Methods: Several selected quality improvement initiatives were in process. In January 2014, the CT scanner had been moved to the ED area from radiology. This had helped to decrease times just in transport alone, but there was more work to do. The hospital directed feedback program was designed to help EMS service providers receive timely feedback on their adherence to the prehospital screening protocol. With this well-established partnership, the ED launched a process to have the charge nurse and physician meet EMS at the EMS entrance. The Code Stroke and the stroke order set would be implemented and the patient would go directly to CT. The EMS process was going well, but staff had questioned if it could also be implemented to decrease door to CT on ambulatory patients. Previously, the ambulatory patient was seen by the RN greeter, evaluated by a RN triage nurse and sent back to a room in the main ED. Once in the room, the patient would be evaluated by the nurse and then the physician. These were valuable minutes that were being wasted. In the new process, the greeter calls a Code Stroke and notifies the physician. The physician comes directly to triage to evaluate the patient and perform a Los Angeles Motor Score. The patient now goes directly to CT for CT and/or CT-angiography.
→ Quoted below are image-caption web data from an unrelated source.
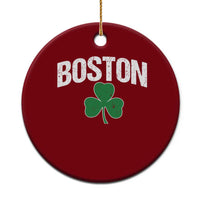 Boston Ceramic Ornament St Patricks Day Irish Green Shamrock Massachusetts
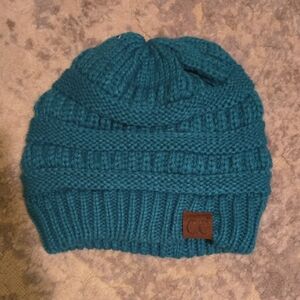 C.C. Teal Knit Winter Hat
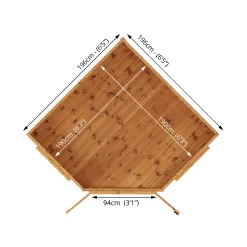 Mercia 7x7 Pent Shiplap Summer House With Double Door -Gardens and Outdoor Stores mercia 7x7 pent shiplap summer house with double door5029442076546 02t BQ
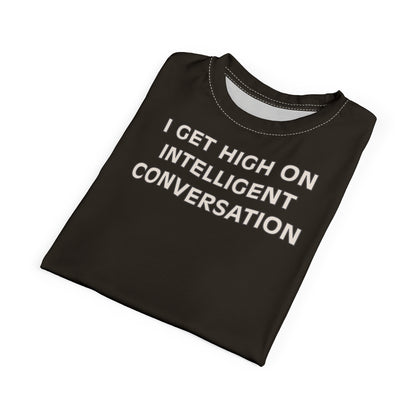 "Intelligent Conversation", Unisex T-shirt (Ancient Brown)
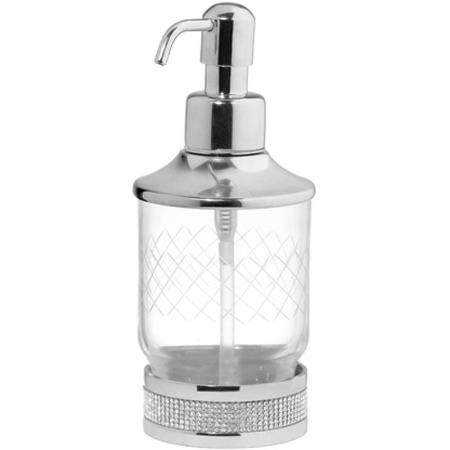 Дозатор для жидкого мыла Boheme Royal Cristal 10929-CR-B Хром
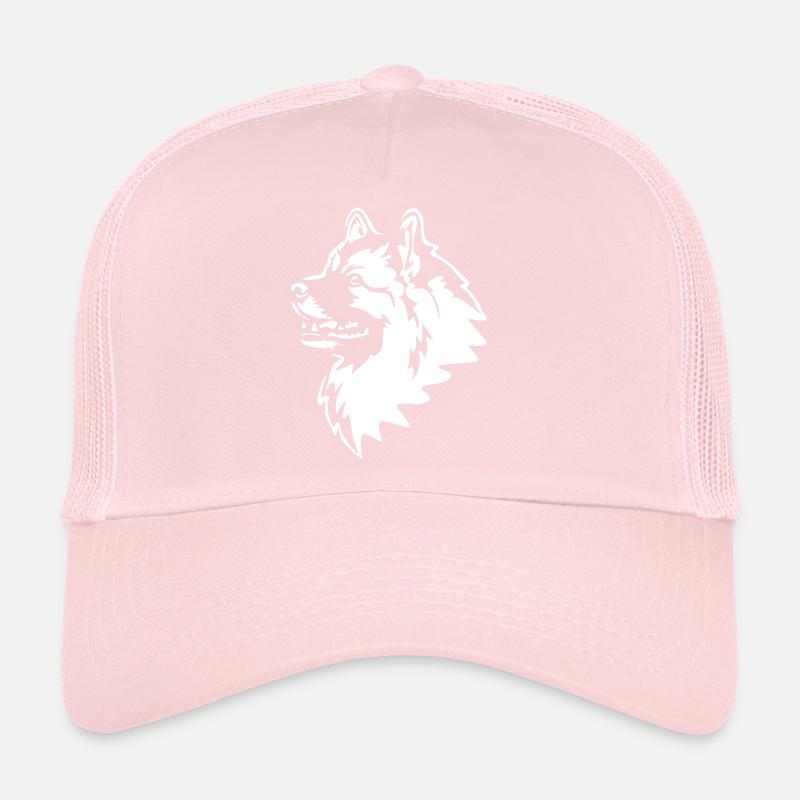 Tête Wolfsspitz « Black Edition » Casquette trucker 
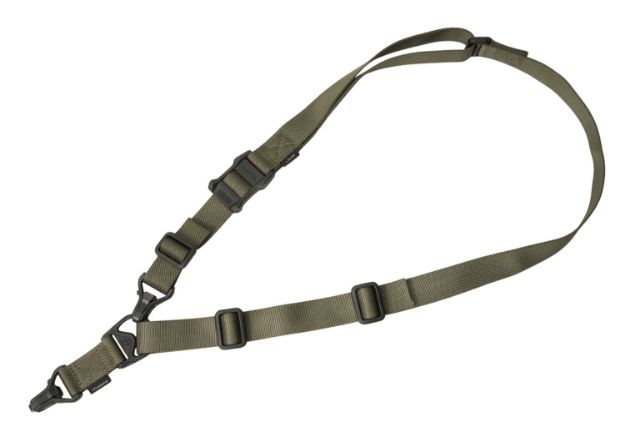 Picture of Magpul MAG514-RGR MS3 Gen2 Sling made of Nylon Webbing with Ranger Green Finish, Adjustable One-Two Point Design & Polymer Hardware for Rifles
Results/Outcomes: Receiving timely stroke assessment and care should not be dependent on the patient’s mode of arrival. Prior to direct to CT, the median time during August 2014-July 2015 was a little over twenty-seven minutes. Once Direct to CT was in place for both ambulatory and EMS, the time savings was measured from August 2015-July 2016. The median time dropped from 27.5 minutes to 17.9 minutes. With outliers identified, capturing atypical signs and symptoms of mimics is being worked on to enhance stroke identification and door to CT. With door to CT time decreasing, improvements with arrival to tissue plasminogen activator (t-PA) administration were also gained. Other work to improve t-PA administration included a one-minute administration goal after delivered by the pharmacist. A 12% or 13-minute median decrease over the same time period was also actualized.
Implications: Moving to direct to CT for those who arrived by EMS and ambulatory patients should be the standard all ED’s follow. Both arrival paths should lead down the same road of improving processes that perfects door to CT times and overall stroke care.